▸ **Exercise requirements**
Transcribe the full listing without changing a word, and omit its pictures.

▸ **Provided data**
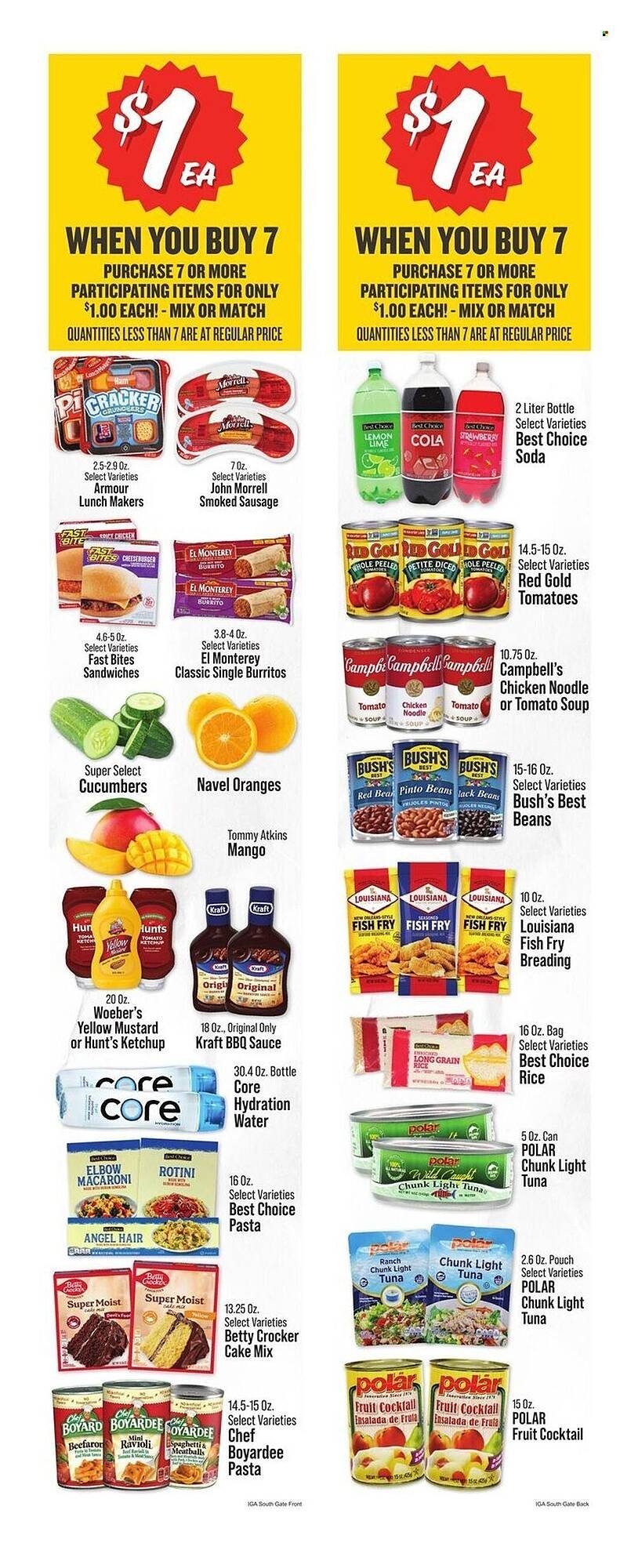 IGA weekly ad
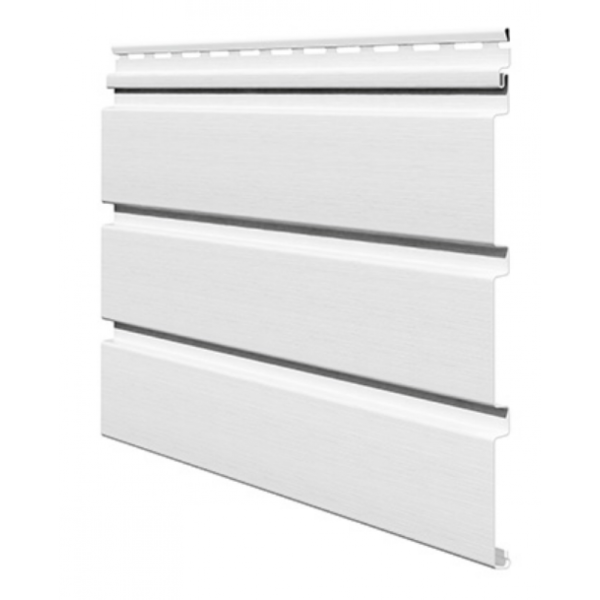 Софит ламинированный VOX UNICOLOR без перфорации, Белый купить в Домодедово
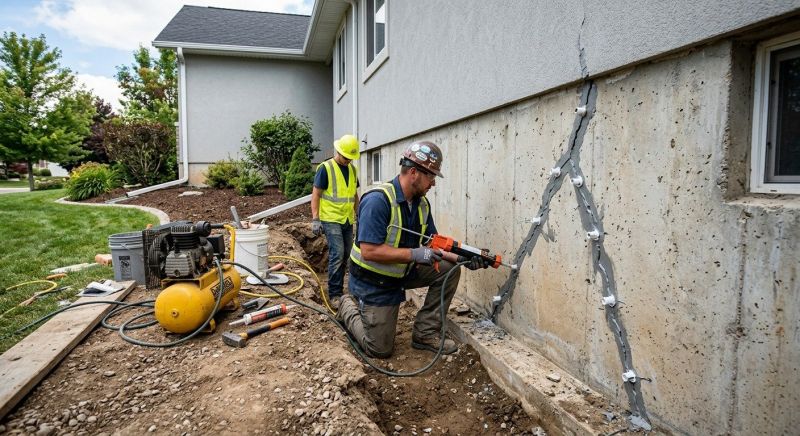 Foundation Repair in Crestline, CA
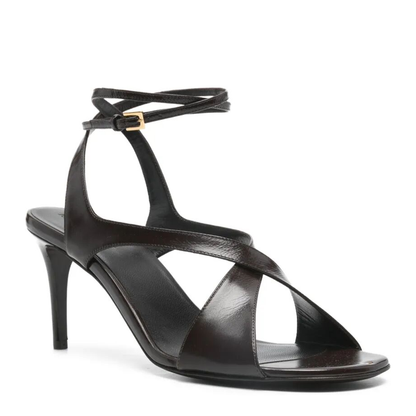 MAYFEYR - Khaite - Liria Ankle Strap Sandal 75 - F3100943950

▸ **Solution**
 IGA weekly ad
 Софит ламинированный VOX UNICOLOR без перфорации, Белый купить в Домодедово
 Foundation Repair in Crestline, CA
 MAYFEYR - Khaite - Liria Ankle Strap Sandal 75 - F3100943950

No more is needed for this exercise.